Tecnologia óssea neandertal: seleção e padronização

A descoberta não deve ser entendida como um caso isolado. Na mesma unidade estratigráfica, foram recuperados 29 retocadores ósseos, a maioria feitos com restos de urso das cavernas, mas também de rena, bisonte, cavalo e rinoceronte lanudo. Apesar dessa diversidade faunística, os instrumentos apresentam uma surpreendente uniformidade dimensional. Essa semelhança entre as peças sugere que os neandertais priorizavam a forma, o tamanho e a frescura do osso mais do que a espécie de origem do mesmo. Segundo os investigadores, essa padronização reforça a hipótese de que os neandertais compreendiam as propriedades mecânicas do osso e as aplicavam com precisão na produção de ferramentas.

Oportunismo ou estratégia?

Uma questão relevante na investigação levanta se os neandertais obtiveram os restos do leão das cavernas através da caça direta, da necrófagia ou por puro acaso. A ausência de marcas de carnívoros ou sinais de intemperismo nos ossos sugere que os restos foram manipulados pouco depois da morte do animal. Além disso, o contexto espacial e a concentração dos restos indicam que, muito provavelmente, foram transportados intencionalmente para o interior da caverna.

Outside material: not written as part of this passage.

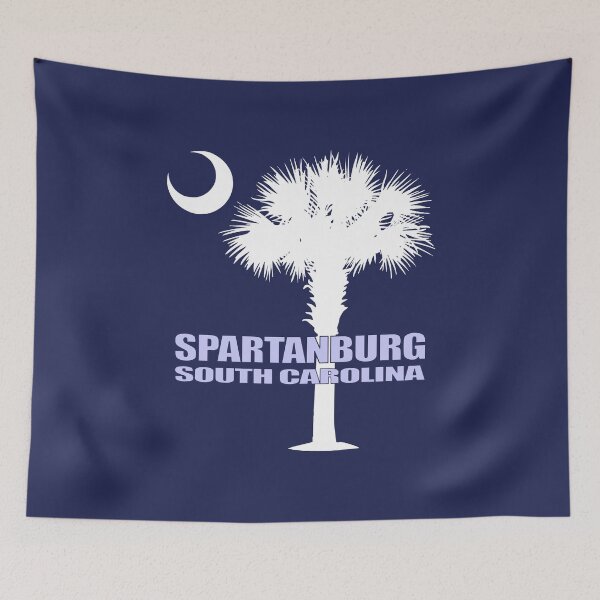 Item preview, Spartanburg (P&C) designed and sold by curranmorgan.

Embora não se possa descartar completamente um aproveitamento oportunista, a sequência de fratura, entalhe e reutilização sugere uma ação planejada mais do que uma simples recuperação de restos mortais. Nesse sentido, o leão-das-cavernas — um dos carnívoros mais imponentes do Pleistoceno — se torna um recurso material para as comunidades neandertais.

A habilidade dos neandertais

Esta descoberta sem paralelo na Caverna de Scladina obriga-nos a rever as nossas ideias sobre as capacidades técnicas e cognitivas dos neandertais. Para além de uma economia de subsistência baseada na caça de presas menores e no uso de ferramentas de sílex, a descoberta demonstra que estes grupos humanos desenvolveram uma tradição tecnológica em que os ossos de grandes carnívoros eram selecionados, trabalhados e reutilizados com critérios funcionais bem definidos.

A tíbia de leão-das-cavernas transformada numa ferramenta multifuncional prova a versatilidade técnica e a capacidade de planeamento dos neandertais. Como um verdadeiro «canivete suíço» pré-histórico, esta peça demonstra que estes hominídeos eram capazes de adaptar as suas ferramentas a diversas funções e otimizar ao máximo os recursos disponíveis.